2005年08月25日

もう一度『ノロイ』を見てきました。

やはり小林さんは、真実を追い求めることの深みにはまってしまったのではないかと考えています。
2002年6月9日の日記に小林さんは

    常に「詩人の魂と科学者の目」を持って、
    ロマンに溺れることなく、常識にとらわれることなく、
    事実を積み重ねていくことで、真実を見つけ出したいと思っている。

と、書いていますが、最終的には「科学者のロマン」みたいなものに突き動かされてしまったのではないでしょうか。
冷静で客観的な取材を続けてきた小林さんのことですから、今回の取材の過程でも、どこかで「これ以上奥に踏み入るのはまずい」とは思っていたはずです。

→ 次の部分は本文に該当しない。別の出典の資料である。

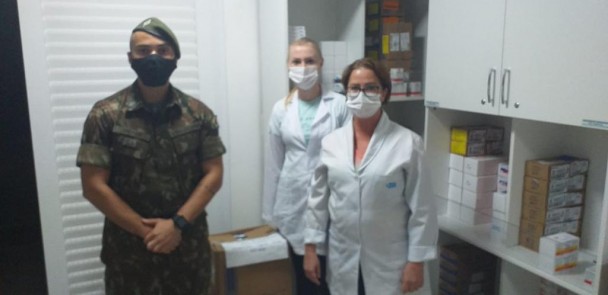 Um militar e duas profissionais de saúde, de pé e de máscara, olham para a frente numa sala com armários e caixas de remédios. 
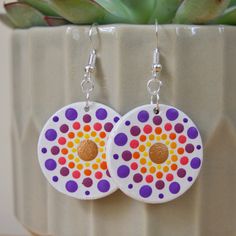 Hand painted dot mandala earrings 3cm diameter circle pendants hanging on earring hooks Painted on front side - purple, pink, yellow, orange, bronze Solid single colour on back - white (same as background on front) Pendants; wood, acrylic paint, satin varnish Fixing; silver plated Any questions please don't hesitate to drop me a message :) (all earrings are hand painted therefore are not be perfectly symmetrical) Mandala Earrings, Violet Rose, Jaune Orange, Dot Mandala, Wood Acrylic, Mandala Dots, Earring Hooks, Dot Painting, Circle Pendant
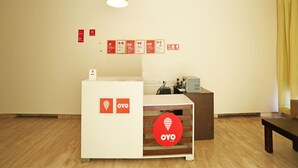 A reception area with a white desk, a yellow pendant light, and a wooden floor. - OYO Rooms 766 Delhi Airport (New Delhi)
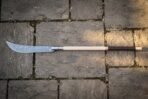 Damascus steel glaive with a curved single edged blade on a pale ash haft laid across sunlit flagstones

しかし、それでも先に進んでしまったのは、「真実を知りたい。たとえそれがおぞましいことであっても」という、根源にある欲求、衝動の強さゆえにほかなりません。

その結果、奥さんは亡くなり、小林さん本人も失踪せざるを得ないという状況になってしまいました(正直、小林さんの安否については、映画『ノロイ』を見るかぎり楽観的なことはいえません)が、でも、その小林さんの行動は無駄ではなかったはずです。こうして、今まで闇の中に潜んでいた「かぐたば」の存在を世間に投げかけることができたのですから。

それに比べてぼくは何をしているのでしょう。安全な場所から、簡単に手に入る情報をつまみ食いして、浅はかな考えを書き散らしている。そのくせ、いっぱしに小林さんの安否を心配したりして……。
前回の日記に書いた「いてもたってもいられないという焦り」には、そういう自分に対するもどかしさも含まれていたのかもしれません。

まあ、ぼくなんかにできることは限られていますが、映画『ノロイ』の中では説明しきれていなかった謎について少し調べてみようと思っています。解明のカギは、ダムがある山の中に隠れていると睨んでいるのですが、どうでしょうかね?
調べた結果については近日中にここで発表したいと思っていますので、しばらくお待ちください。内容的に映画『ノロイ』のネタバレを含むことにもなるかと思います。